• RECORD SET
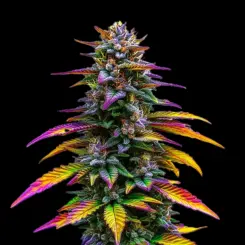 Jealousy Cannabis Seeds by Bulk White Label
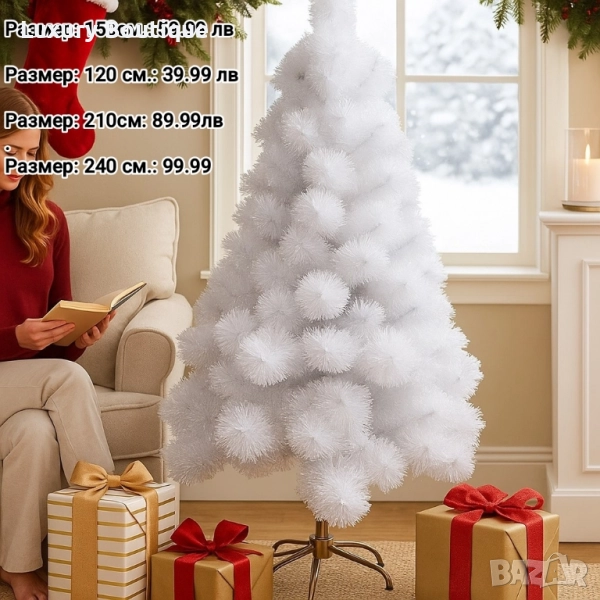 Бяла елха, снимка 1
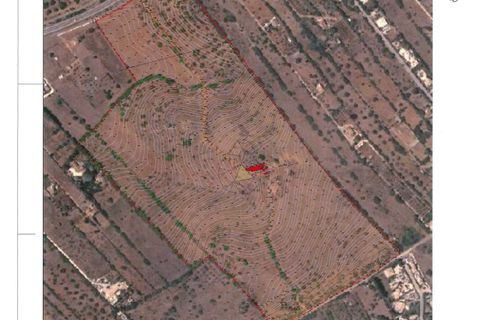 Farm hus i Luz, Faro, Luz - € 1.150.000 | Ref: JE001 AM - foto 14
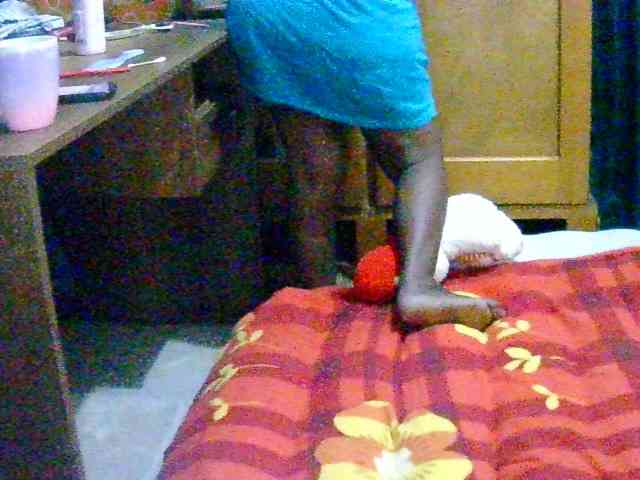 Anshia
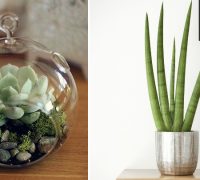 plantas que necesitan menos agua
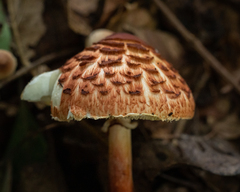 Rugosospora pseudorubiginosa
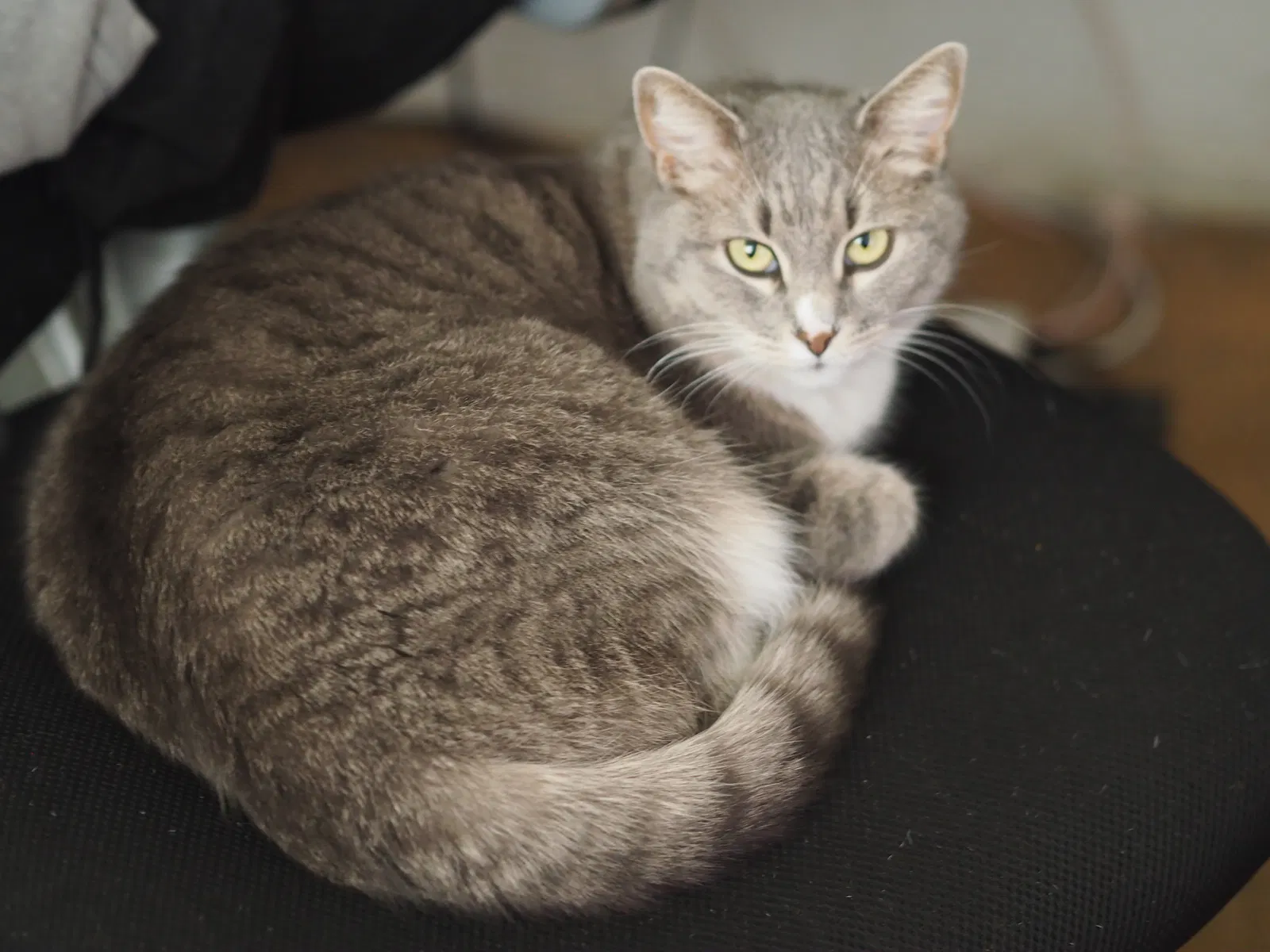 Lost cat in Fountain Valley, CA, 92708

• WORK REQUIRED
Drop the pictures; repeat the listing above exactly.

• EXERCISE RESULT
 Jealousy Cannabis Seeds by Bulk White Label
 Бяла елха, снимка 1
 Farm hus i Luz, Faro, Luz - € 1.150.000 | Ref: JE001 AM - foto 14
 Anshia
 plantas que necesitan menos agua
 Rugosospora pseudorubiginosa
 Lost cat in Fountain Valley, CA, 92708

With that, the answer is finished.